Jeffries and McGovern spoke with a number of local organizations at The Village cultural center, including the Massachusetts Women of Color Coalition and NAACP Worcester. Elected officials like City Councilor Khrystian King were also in attendance.

“We’re here to listen, we’re here to learn, and we’re here to uplift these communities,” Jeffries said. “And the best way to be able to do that is to have these intimate conference sessions with people who are on the ground doing the work each and every day.”

McGovern suggested Jeffries is a powerful force in Congress to help address issues at a local and national level, particularly with Republicans holding on to a razor-thin majority.
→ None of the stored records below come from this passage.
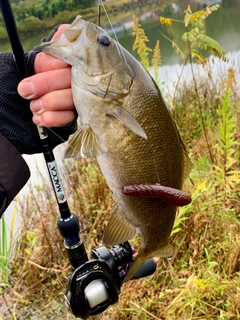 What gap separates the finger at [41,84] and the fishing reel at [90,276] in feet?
2.05

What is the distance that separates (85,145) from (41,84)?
23 cm

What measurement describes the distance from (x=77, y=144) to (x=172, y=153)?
33cm

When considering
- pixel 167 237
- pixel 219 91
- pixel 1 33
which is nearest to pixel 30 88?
pixel 167 237

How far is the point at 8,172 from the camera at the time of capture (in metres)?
1.29

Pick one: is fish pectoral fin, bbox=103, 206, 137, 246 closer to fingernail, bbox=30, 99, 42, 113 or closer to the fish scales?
the fish scales

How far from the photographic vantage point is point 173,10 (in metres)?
12.0

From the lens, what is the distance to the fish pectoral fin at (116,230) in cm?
143

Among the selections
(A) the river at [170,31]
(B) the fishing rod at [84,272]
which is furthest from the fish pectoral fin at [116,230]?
(A) the river at [170,31]

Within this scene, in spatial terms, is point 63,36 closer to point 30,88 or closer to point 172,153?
point 30,88

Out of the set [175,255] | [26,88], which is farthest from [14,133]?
[175,255]

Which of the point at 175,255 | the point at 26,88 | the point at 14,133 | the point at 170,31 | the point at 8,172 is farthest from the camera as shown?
the point at 170,31

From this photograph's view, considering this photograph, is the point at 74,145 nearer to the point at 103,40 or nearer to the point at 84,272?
the point at 103,40

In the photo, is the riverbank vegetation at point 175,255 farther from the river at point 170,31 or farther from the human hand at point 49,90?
the river at point 170,31

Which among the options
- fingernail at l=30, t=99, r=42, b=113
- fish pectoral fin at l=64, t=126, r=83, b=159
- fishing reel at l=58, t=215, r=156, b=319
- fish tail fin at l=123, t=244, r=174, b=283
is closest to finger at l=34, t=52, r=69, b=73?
fingernail at l=30, t=99, r=42, b=113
“Hakeem Jeffries, I hope, will be the next Speaker of the House of Representatives, and he will be in a position to influence national policy that will have a direct impact on places like Worcester,” McGovern said. “And so, we came here to learn from people who are on the ground doing incredible work in our community, talking about the successes and some of the challenges. So this is unbelievably important.”

Should Jeffries ever become Speaker of the House, McGovern would likely find plenty of common ground to make progress in his work fighting food insecurity.

The two toured El Buen Samaritano, a volunteer-run nonprofit which helps connect Main South families to healthy food, clothing and other necessities.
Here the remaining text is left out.